Face à Mister C., on change de discipline sans être prévenu. Ce n’est plus un combat. Déjà, il faudrait être deux pour ça. Là, tu es seule avec quelque chose qui ne se présente pas, ne s’annonce pas, ne respecte aucune règle et n’a visiblement pas signé la charte du fair-play.
Tu ne sais pas où il est, ni quand il décide de se manifester, ni pourquoi toi plutôt qu’un autre. Il n’y a pas de stratégie possible, pas de lecture du jeu adverse, pas de montée en compétence progressive. Rien à analyser, rien à anticiper. C’est un adversaire qui ne joue pas, qui ne parle pas, qui ne se montre pas, mais qui peut, à tout moment, décider que c’est reparti.
Donc non, ce n’est pas un combat. C’est autre chose.
De la vigilance, peut-être. Une forme d’attention diffuse, jamais complètement éteinte. Pas obsessionnelle en permanence, heureusement, mais toujours là, quelque part en arrière-plan. Comme une appli ouverte que tu n’as pas lancée mais qui consomme quand même de la batterie.
Et encore, même « vigilance », c’est peut-être déjà trop actif comme mot. Parce que surveiller quoi, exactement ? Où poser le regard ? Sur quel signe ? À quel moment ? On bricole une impression de contrôle avec pas grand-chose, histoire de se rassurer deux minutes.
Alors on te dit : « courage ».
C’est gentil, vraiment.

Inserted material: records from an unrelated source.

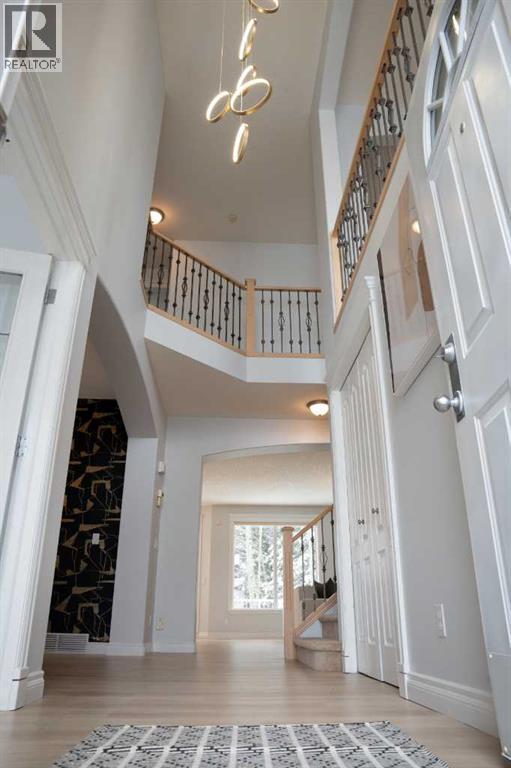 3 Strathridge Bay Sw, Calgary, Alberta  T3H 4S1 - Photo 7 - A2303312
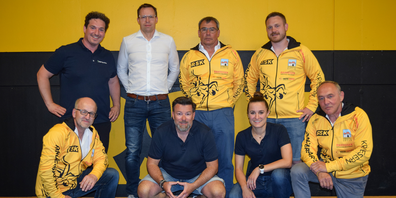 H.v.l.: Dr. Quinten Felsch, Dr. Adrian Schneider, Koni Hungerbühler, Mirco Hutter. V.v.l.: Bernhard Bättig, Peter Roth, Salome Rohner, Hugo Dietsche.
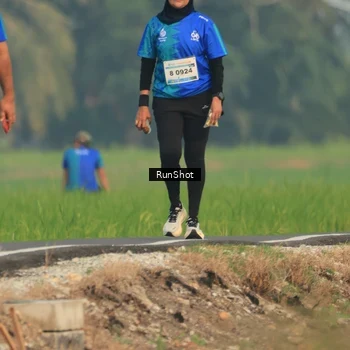 Runner Photo 5937079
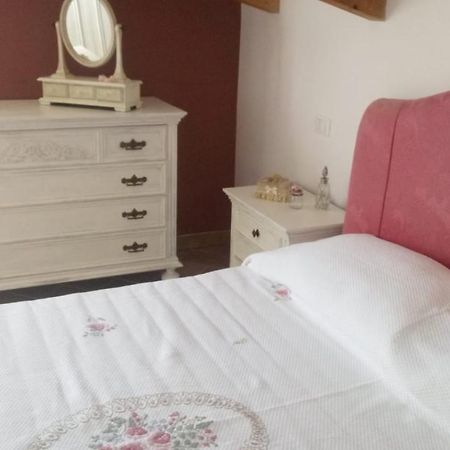 Il Cielo In Una Stanza Hotel Джулианова Екстериор снимка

Mais ça tombe un peu à côté. Comme si c’était une question de volonté, d’effort, de bravoure personnelle. Comme s’il suffisait d’en avoir plus pour régler le problème. Spoiler : du courage, on en a déjà. Plein. Tout le monde en a, dans ces moments-là. Ce n’est pas la ressource qui manque.
Le vrai sujet, c’est plutôt : qu’est-ce que tu fais avec quelque chose contre lequel tu ne peux ni te battre, ni négocier, ni prévoir ?
Comment tu t’organises face à l’invisible, à l’imprévisible, à ce mélange un peu arbitraire qu’on appelle, faute de mieux, la malchance ?
Réponse honnête : tu ne t’organises pas vraiment. Tu fais avec. Tu avances, plus ou moins droit, plus ou moins serein, en espérant que la prochaine surprise ne sera pas pour tout de suite.
Et le reste… relève peut-être moins du combat que d’une forme assez prosaïque de chance. Pas très héroïque, pas très spectaculaire, mais apparemment déterminante.